Prof. Adam Pearson Studies Climate Change Behavior with Global Team

Prof. Adam Pearson

How effective are different messaging styles aimed at boosting climate awareness and action? Is a “doom and gloom” approach best? What about emphasizing scientific consensus on climate change? Or considering the consequences of climate change in one’s region?

Associate Professor of Psychological Science Adam Pearson was recently part of a global team of 250 behavioral scientists who tested a set of strategies on over 59,000 participants in 63 countries—the largest experiment ever conducted on climate change behavior.

The main findings of the experiment were published in Science Advances earlier this month.

“Scientists, journalists, and advocacy groups often emphasize different facets of the problem–the dangers of climate change, its outsized affects on young people, the overwhelming scientific consensus that its human caused. But what works on a global scale? What motivates people around the world to address a global problem like climate change? We don’t actually have an answer to that question,” Pearson says.

“To understand what mobilizes people to address a problem like climate change,” he says, “we really need to move beyond the United States and beyond Western, educated, industrialized, rich and democratic societies.”

The team tested the effects of 11 messages designed to boost people’s climate beliefs and behavior, and the results included many surprises, says Pearson.

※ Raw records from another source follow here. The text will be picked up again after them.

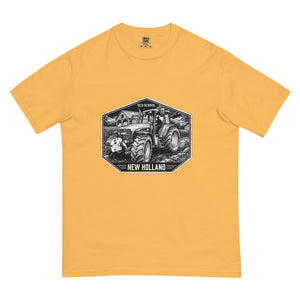 The Tractor Mugs Store Mustard / S New Holland TM 155 OLD SCHOOL NEW HOLLAND Moose | Unisex Premium T-shirt Quality Farmers Merch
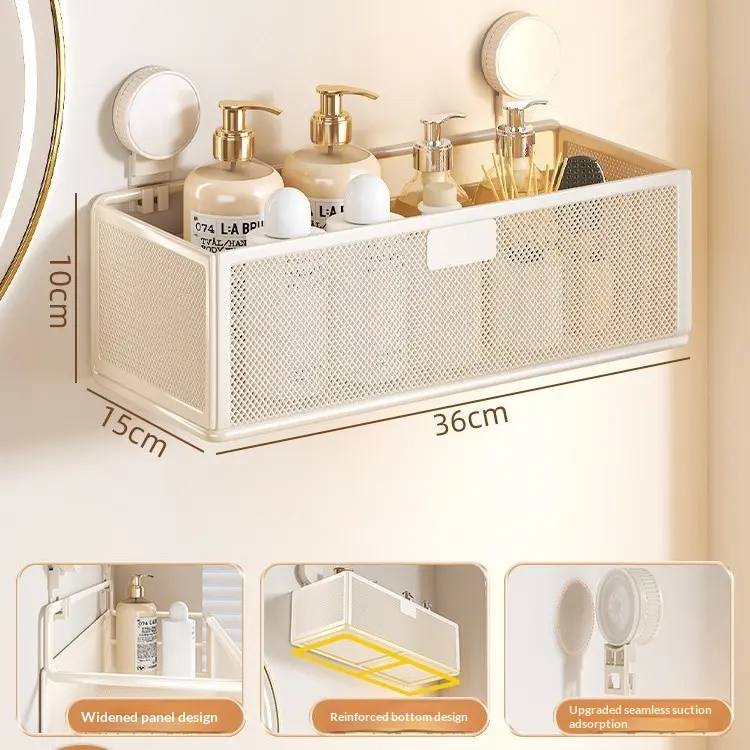 Bathroom Storage Rack, Wall-mounted Washing Station Shelf
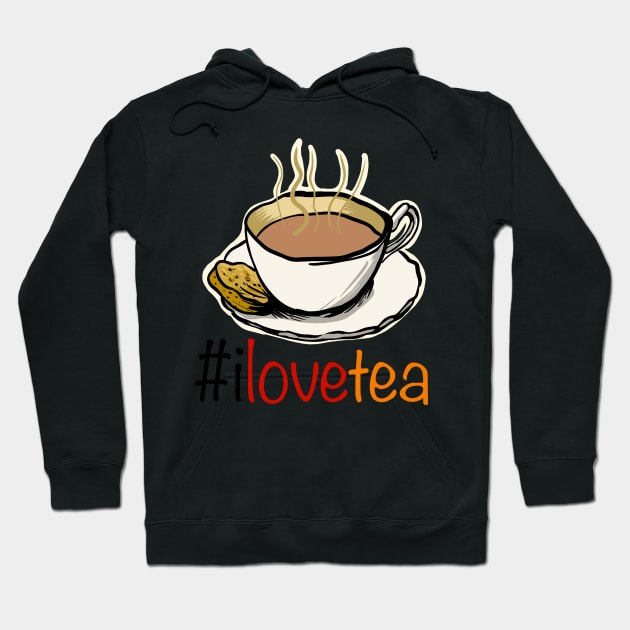 I love a good Cuppa tea Hoodie by stephenignacio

Past research has looked at only one or two interventions in isolation, and typically within just one nation–often the United States. This study tested the most promising interventions all at once, and in over 60 different countries, allowing researchers to see what works and for whom.

Some surprising results

The most effective strategy globally was imagining writing a letter to a child one knows today who would receive the letter 25 years later, explaining one’s climate actions today. Similarly effective was imagining oneself in the future writing a letter to one’s current self, asking questions about what actions one took or what one was thinking at the time.

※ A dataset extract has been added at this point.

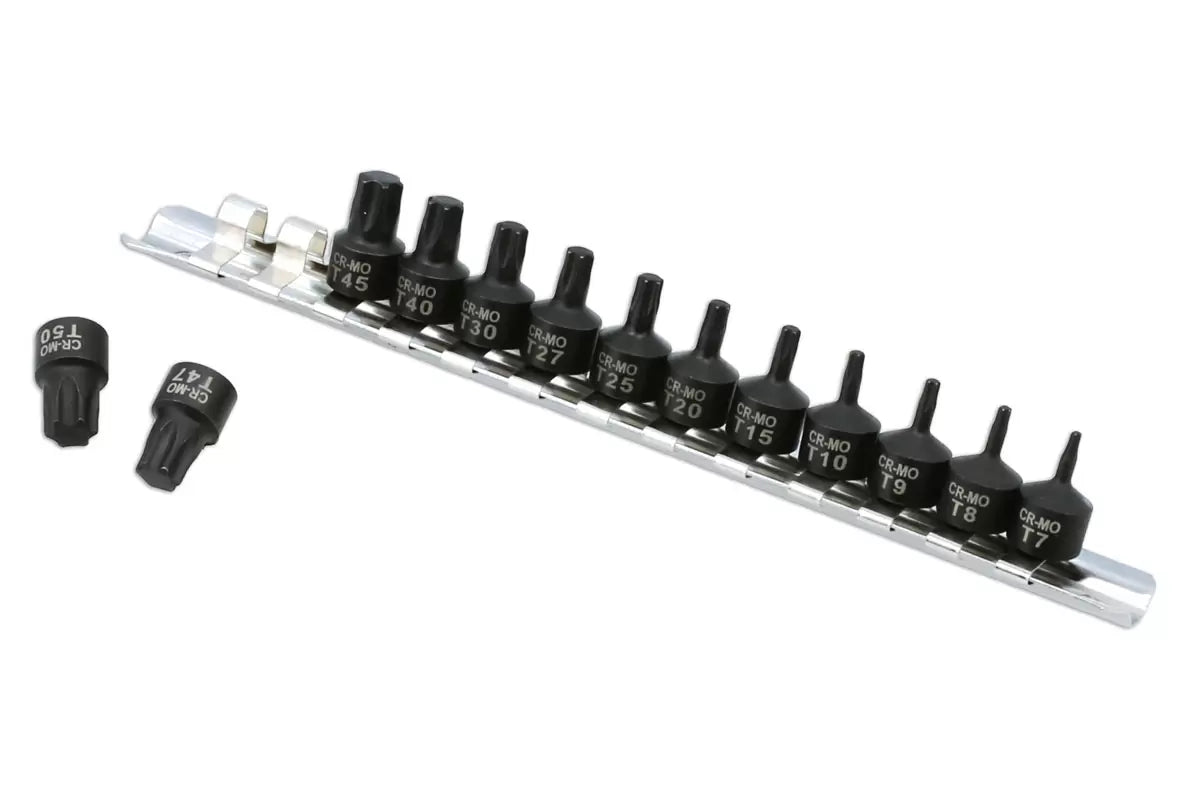 Laser - 8978 - Stubby Star Impact Bit Socket Set 1/4"D 13pc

“These messages shrink the timescale of climate change. They remind us that our actions today matter and will impact people we know, in our families and communities,” Pearson said.

“Doom and gloom” messaging, however, decreased people’s pro-environmental behavior. These stories were highly effective in getting people to share information about climate change on social media but backfired for climate skeptics, reducing their support for a range of climate policies.

Perhaps one of the biggest takeaways from the study, not unexpectedly, is that different people respond differently to various climate messages, with responses varying across countries.

To share their findings, the research team created an open-access Webapp, which allows users to see the effects of the strategies along dimensions such as nationality, income level, political ideology, education and gender.

The hope is that tools like these can help practitioners tailor climate messages for different audiences. Pearson also hopes the study will spark additional research and serve as a baseline and starting point for other scholars.

Climate change a problem of two climates

Pearson’s scholarly background is in the study of group dynamics as well as the psychology of inequality. About 10 years ago, he became interested in the social psychological research around climate change. “There’s a growing understanding that human behavior is at the root of this problem,” he says.

“We’ve been increasingly thinking about climate changes not as a problem of one climate but two climates: our physical climate and the social climate of any given area,” Pearson says. “We need to understand how those climates intersect. That’s where behavioral science comes into the equation.”

Pearson was involved in shaping the study in the planning stages as well as drafting the report manuscript. He was especially drawn to the project as a “mega study”—a new class of research projects comparing the effects of many different interventions all at once—as well as a “many labs study” that brought together different research labs in a team approach.

“It’s a big collective action problem,” Pearson says, adding, “and that requires coordination, including among researchers.”